Nonostante l'accentuata correzione, la maggior parte degli analisti prevede ancora che il trend rialzista di lungo periodo dell'oro finirà per riprendere, sostenuto dalla persistente accumulazione delle banche centrali e da preoccupazioni strutturali sulla sostenibilità fiscale. Nel breve termine, l'attenzione è concentrata sul report sul mercato del lavoro USA di venerdì, il principale catalizzatore della settimana. Un dato debole potrebbe far rinascere le aspettative di tagli dei tassi e offrire nuovo supporto all'oro — tassi più bassi riducono il costo opportunità di detenere metallo non rendente — mentre un risultato forte potrebbe prolungare l'attuale flessione.

Analisi Tecnica del Grafico XAU/USD

Come mostra il grafico XAU/USD, l'oro rimane confinato in un trend ribassista più ampio dal massimo storico di gennaio. Attualmente sta testando la trendline discendente dal basso, mantenendosi appena sopra la zona di supporto 3.900–4.000.

Scenario Rialzista

L'oro ha già mostrato segni di ripresa, rimbalzando dal supporto 3.900–4.000, e la divergenza dell'RSI conferisce una certa credibilità a questa reazione. Se il prezzo dovesse rompere decisamente sopra la trendline discendente, il prossimo test significativo diventa la zona di resistenza 4.400, dove converge anche la EMA a 200 periodi — un livello che si è dimostrato altamente significativo negli ultimi mesi. Una rottura confermata al di sopra di questa confluenza segnerebbe un cambiamento significativo nella struttura più ampia dell'oro.

Scenario Ribassista

Se l'oro dovesse invece respingere nuovamente la trendline, il prezzo rischia di rimanere intrappolato tra la resistenza superiore e il supporto inferiore. In questo scenario, il report NFP di venerdì si profila come un potenziale catalizzatore: un dato forte potrebbe far pendere l'ago della bilancia, rompendo il supporto 3.900–4.000 e aprendo la strada verso il prossimo livello significativo — la ex zona di resistenza trasformata in supporto a 3.400–3.500.

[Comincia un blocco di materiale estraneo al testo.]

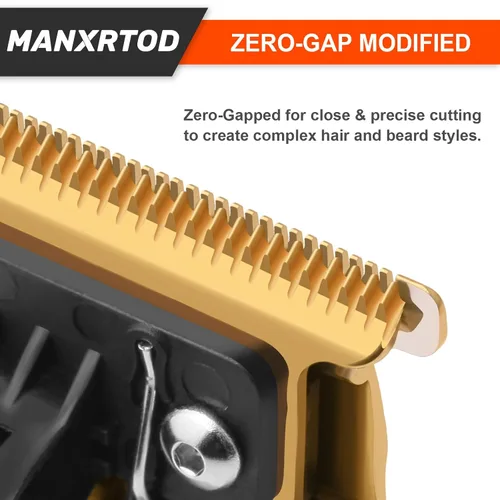 Miniatura 3 de FXGOLD 2.0 - Cuchilla de repuesto para todas las recortadoras BaBylissPRO FX787 y FX726, cuchillas de repuesto DLC ultra precisas compatibles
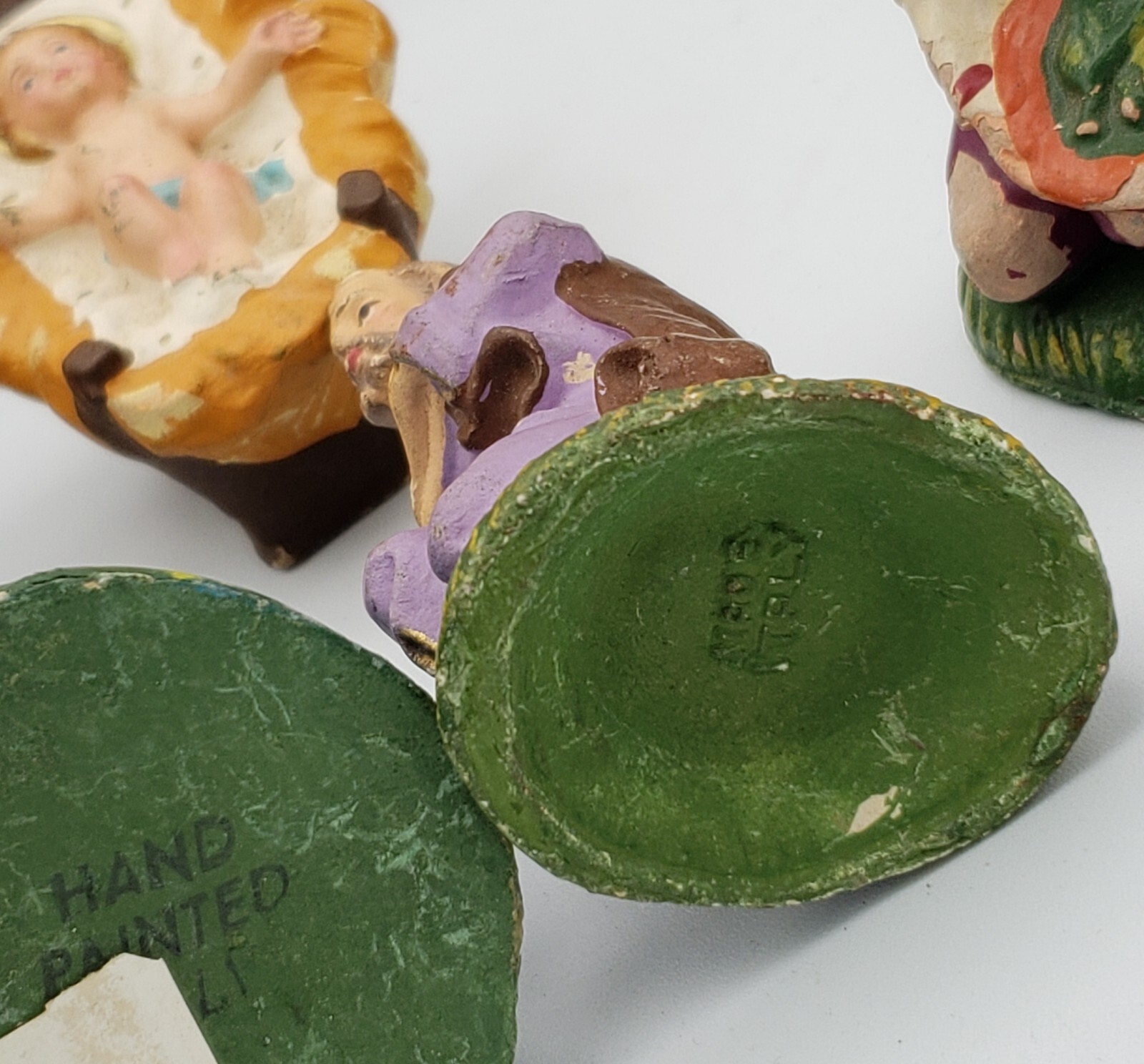 Vintage Nativity Scene Figures 20 Pieces Hand Painted Italy Christmas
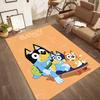 I tappeti quadrati Bluey Family Adventure sono un'ottima scelta per soggiorni, camere da letto, decorazioni per la casa e come regali.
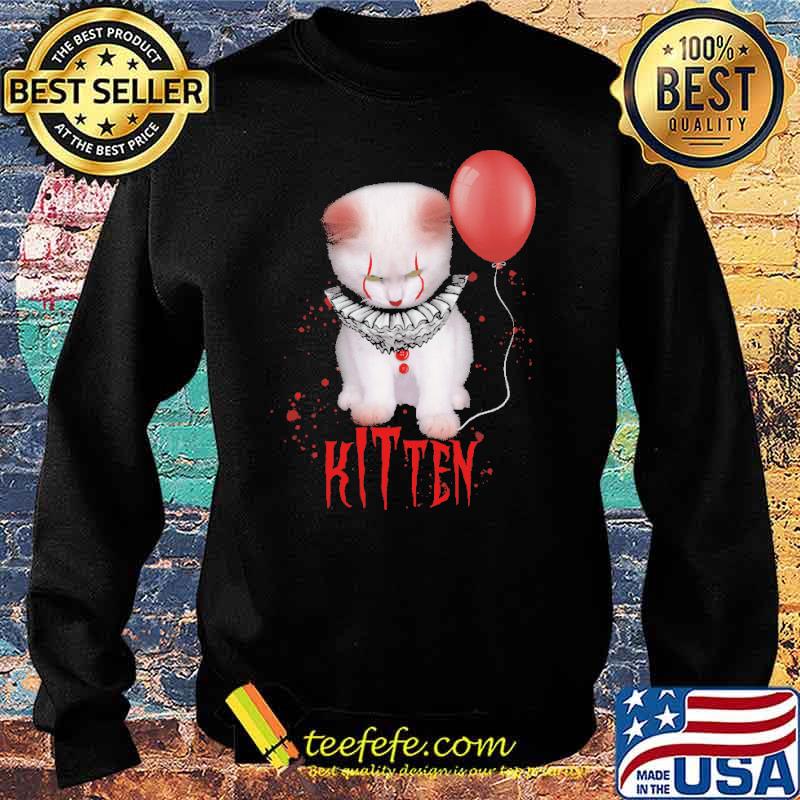 Kitten cat halloween Pennywise s Sweater Kitten cat halloween Pennywise s Sweater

Con il prezzo compresso tra una trendline ostinata e un supporto messo a dura prova, e con un'importante pubblicazione di dati a pochi giorni di distanza, la prossima mossa dell'oro potrebbe finalmente dare una risposta alla domanda che i trader si pongono dal picco di gennaio: la correzione è terminata o sta solo prendendo fiato?